Seconda invasione israeliana del Libano
Per Israele i problemi non erano risolti, così il 6 giugno del 1982 (ad insaputa degli alleati americani) lanciò una seconda invasione del Libano su vasta scala (denominata “Pace in Galilea”), con l’obiettivo di sradicare l’Olp e la Resistenza palestinese. L’invasione, sotto il comando di Ariel Sharon (ministro della difesa del governo Beghin), si trasformò in un massacro indiscriminato. In poche ore si abbattè sulle città e sui campi profughi un diluvio di fuoco da parte dell’aviazione israeliana, mentre colonne di carri armati avanzavano su Beirut lasciandosi dietro morte e macerie. Nelle prime due settimane le vittime furono 14mila. Nonostante la strenua resistenza palestinese l’Idf cinse d’assedio Beirut ovest in un abbraccio mortale durato 78 giorni, durante i quali ogni rifornimento venne bloccato e la città fu sottoposta a continui bombardamenti. 7mila morti fra i civili libanesi e un numero imprecisato di vittime palestinesi (di cui non sarà mai fatto un vero bilancio) non furono sufficienti a piegare la resistenza.
A questo punto entrò in gioco la diplomazia internazionale che negoziò una via d’uscita per l’Olp in cambio dell’evacuazione completa dal Libano della guerriglia palestinese (in base a fortissime pressioni esercitate dall’amministrazione Reagan su Beghin). Nell’ultima decade d’agosto del 1982 oltre 10mila guerriglieri palestinesi evacuarono Beirut sotto la sorveglianza di una forza franco-italo-americana, ma il prezzo pagato per preservare le strutture dell’Olp e ricominciare da un’altra parte fu salatissimo: lasciare del tutto inerme la popolazione libanese e le decine di migliaia di palestinesi che continuavano ad affollare i campi profughi, alla mercè dei falangisti cristiano-maroniti, delle milizie sciite filosiriane di Amal (che tra il 1985 e il 1987 si sarebbero rese protagoniste di nuovi massacri della popolazione dei campi profughi), dell’esercito siriano e dell’esercito israeliano, con la sola garanzia di un patto scritto sulla sabbia che nessuno aveva interesse a far rispettare.
La vendetta israeliana sulla popolazione palestinese inerme fu immediata e tremenda.
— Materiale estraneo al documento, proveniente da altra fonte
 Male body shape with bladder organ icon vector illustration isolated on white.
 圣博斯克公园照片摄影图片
Tra il 16 e il 18 di settembre, appena il contingente di “pace” internazionale aveva lasciato il Libano (dopo aver disarmato i guerriglieri rimasti), le milizie libanesi cristiane di Gemayel, alleate di Israele, massacrarono 3mila palestinesi mettendo a ferro e fuoco per 40 interminabili ore i campi profughi di Sabra e Chatila a Beirut, mentre Ariel Sharon si godeva lo spettacolo dal suo quartier generale posto sulla cima di un edificio a 200 metri dal confine del campo di Chatila. Così come i siriani sei anni prima a Tall al Zaatar, l’esercito israeliano si limitò a fornire un appoggio logistico ai falangisti, illuminando a giorno l’area con i bengala, bloccando ogni via di fuga agli abitanti del campo e rifocillando ai posti di guardia i falangisti che stavano conducendo il massacro.
Per la resistenza palestinese dispersa in nove differenti paesi arabi e per quelli rimasti sul campo dopo la fuga dei dirigenti si aprì un periodo di lotte intestine e di demoralizzazione.
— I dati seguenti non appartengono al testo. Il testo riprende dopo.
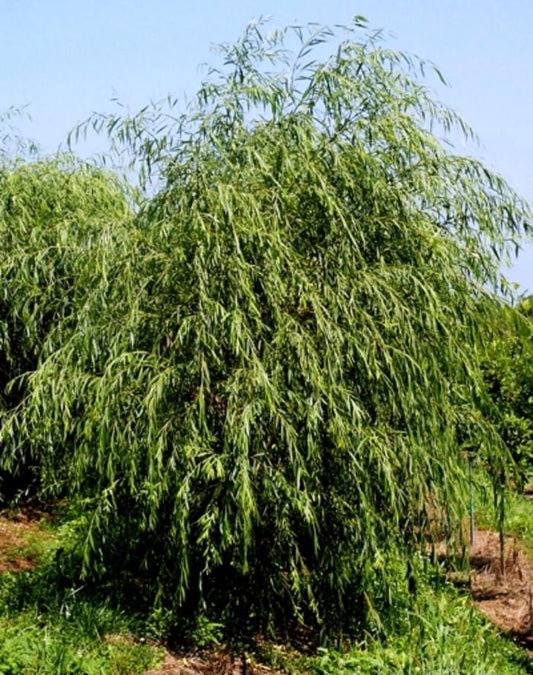 Golden Weeping Willow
La svolta “diplomatica” dell’Olp si approfondisce
La direzione dell’Olp si trasferì in Tunisia, dove Arafat e il suo entourage avrebbero vissuto in un esilio dorato fino al rientro a Gaza nel 1994, tutto votato ad architettare “brillanti” strategie negoziali e a destreggiarsi tra le rivalità interne alla Lega araba (facendo leva sull’Egitto contro la Giordania o la Siria, o viceversa, a seconda delle necessità del momento), oltre a ristabilire normali relazioni con le monarchie del Golfo, dai cui finanziamenti la “corte” di Arafat era diventata sempre più dipendente.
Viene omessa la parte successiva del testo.